We still have time to address these threats, but it will require a new strategy toward the Middle East.

The first step is to understand how we got here. Since World War II, America has been the leader of the Free World. We're unique in having earned that role not through conquest but through promoting human rights, free markets and the rule of law. We ally ourselves with like-minded countries, expand prosperity through trade and keep the peace by maintaining a military second to none.

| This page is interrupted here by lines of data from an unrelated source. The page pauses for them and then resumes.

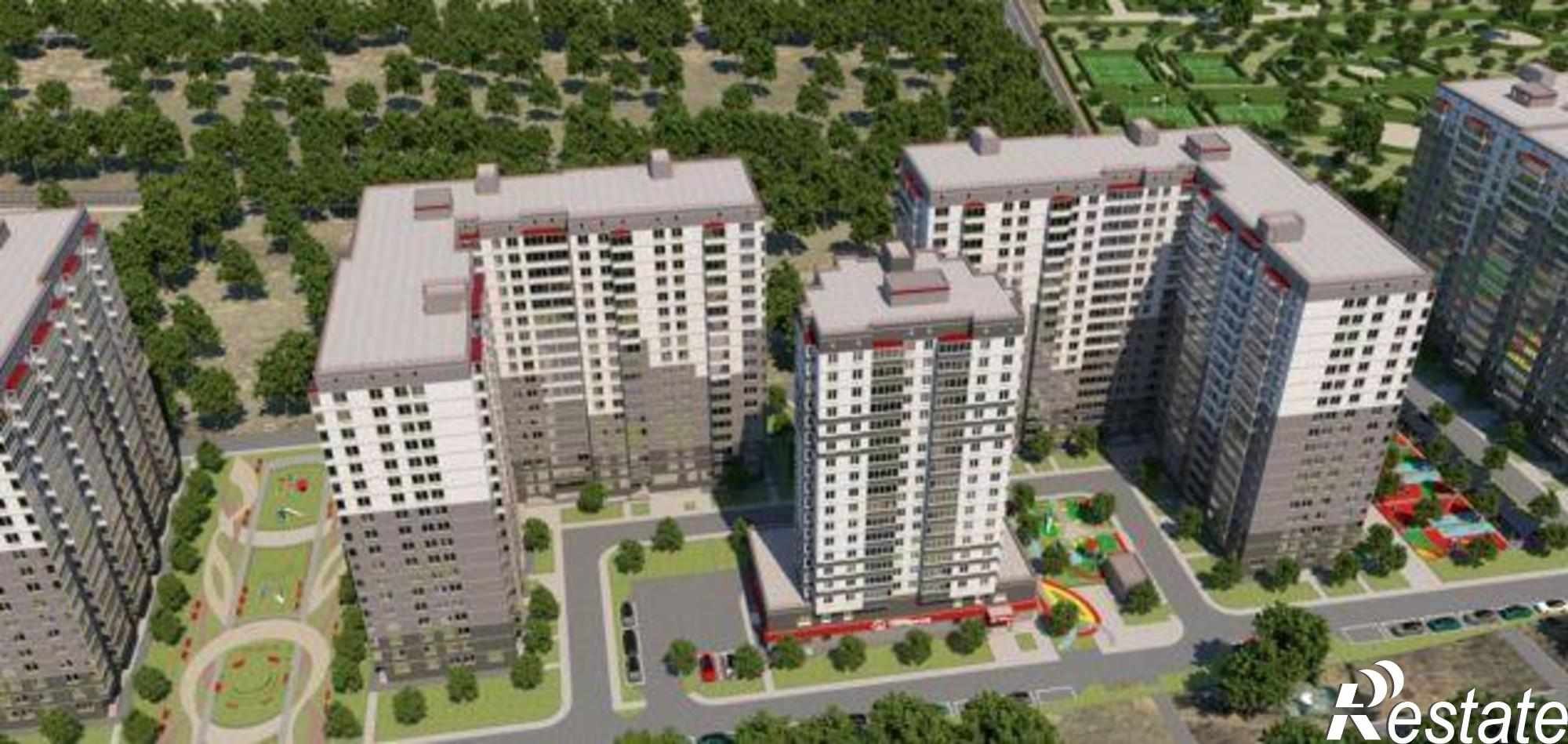 Купить квартиру за 2 210 000 рублей на проспект 40-летия Победы, 63/17с7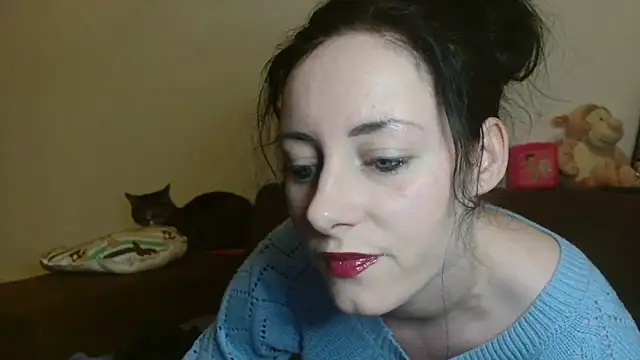 Snapshot of Jasmin-White chatting on February 2025 09:02:01 PM Jasmin-White online show from February 2025 09:02:01 PM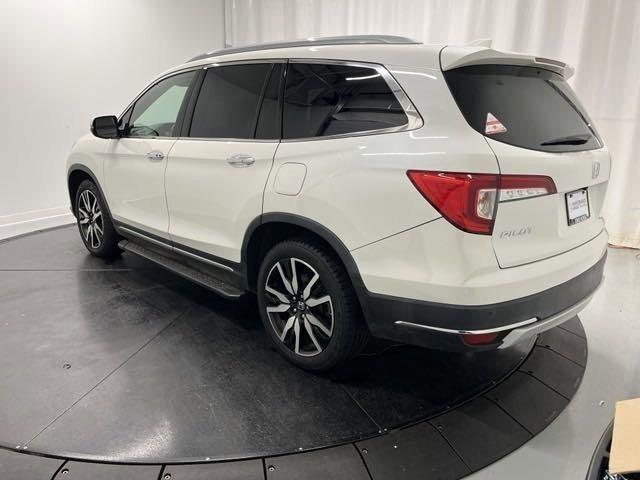 used 2019 Honda Pilot car, priced at $25,947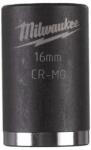 Milwaukee 1/2" Dugókulcsbetét hatlapú, gépi, rövid 16 mm - 1 db (MI-4932478041)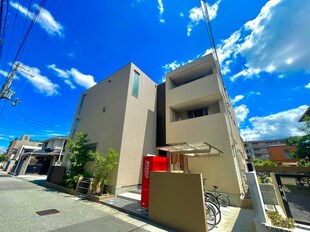 Gフェニックス芦屋の物件外観写真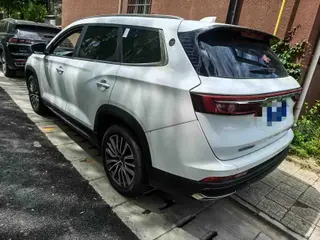 Jetour X90 PLUS 2024 1.6TD DCT Villa exterior foto 4 Jetour X90 PLUS 2024 1.6TD DCT Villa exterior foto 4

But in recent years, President Obama has allowed our leadership to atrophy. Our economy is stuck in a "recovery" that barely deserves the name. Our national debt has risen to record levels. Our military, tested by a decade of war, is facing devastating cuts thanks to the budgetary games played by the White House. Finally, our values have been misapplied—and misunderstood—by a president who thinks that weakness will win favor with our adversaries.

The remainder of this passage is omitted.